Sigyn, and all other carers, just carry on and on and on, because all other options are unacceptable. No matter how depressed, stressed-out, suicidal, lonely or plain exhausted we may be, we find the will to keep on living and breathing somehow. Not knowing when it will end, maybe not knowing if it will end. Fighting and praying for it to end in healing and not death.
Sigyn understands every single thing you can go through as a carer, because She’s been there Herself, except worse. And I’d suggest that, perhaps, She has a special understanding of those of us who care for people with mental health problems. People are often far less understanding about mental health problems – whilst someone caring for a person with a physical disability may be praised by others (well…maybe), someone caring for a mentally ill person is far more likely to be told ‘I can’t understand why you put up with them’. Mentally ill people sometimes do strange things, or frightening things, or things that will make their problems worse.
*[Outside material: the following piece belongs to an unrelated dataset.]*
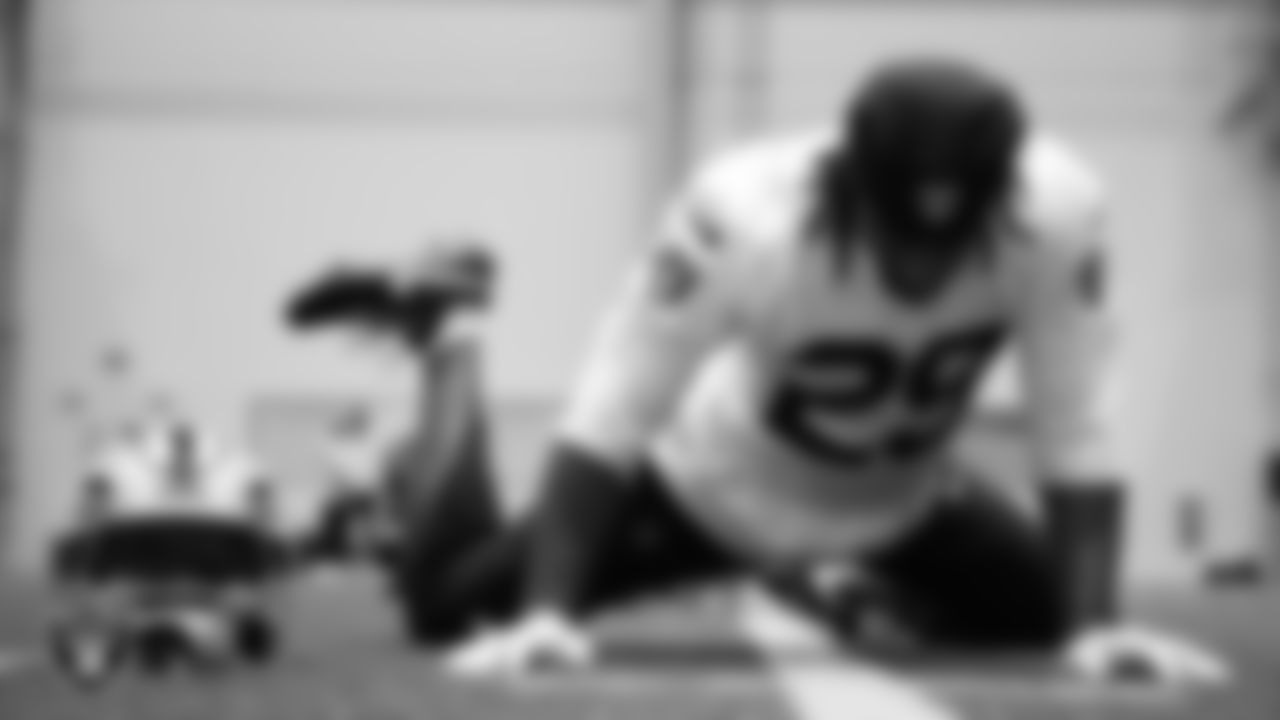 Las Vegas Raiders safety Chris Smith II (29) during practice at Intermountain Health Performance Center.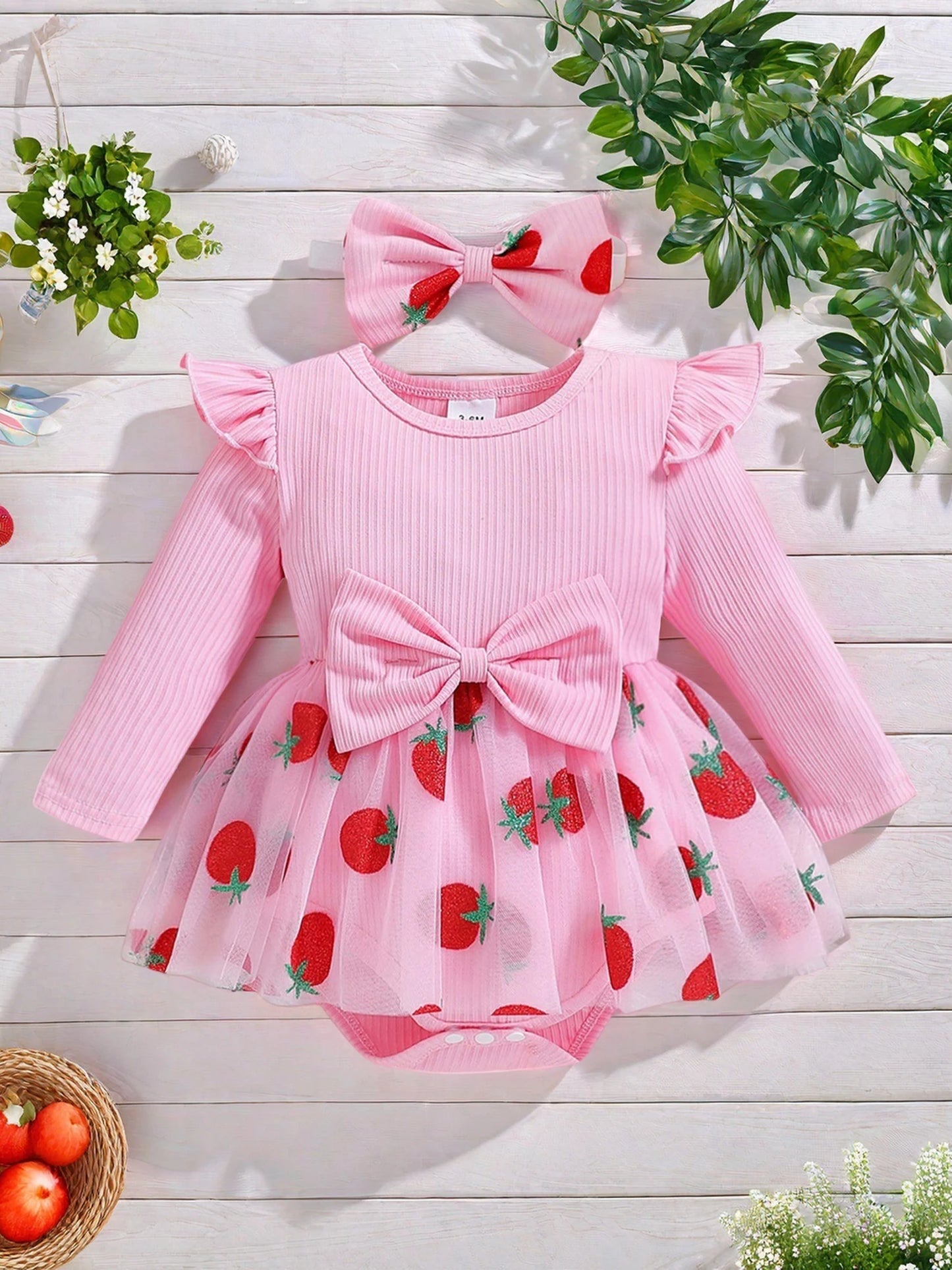 Infant Girls Newborn Floral Romper Set With Ruffle Sleeve And Headband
And people don’t half judge them for it, totally failing to see that their behavior is a part of their illness. Sigyn also sees Her husband judged by people who don’t understand, and She too is judged for Her choice to care for Him – even to be involved with Him in the first place. When no-one else seems to understand you or the one you care for, Sigyn will.
I thought I was done, but Sigyn has one more thing to add; She’ll be there to remind you why it’s all worth it. Every moment of pain, every tear shed, every sacrifice made, is worth going through. Sigyn can be there and remind you of that when you’ve lost sight of it.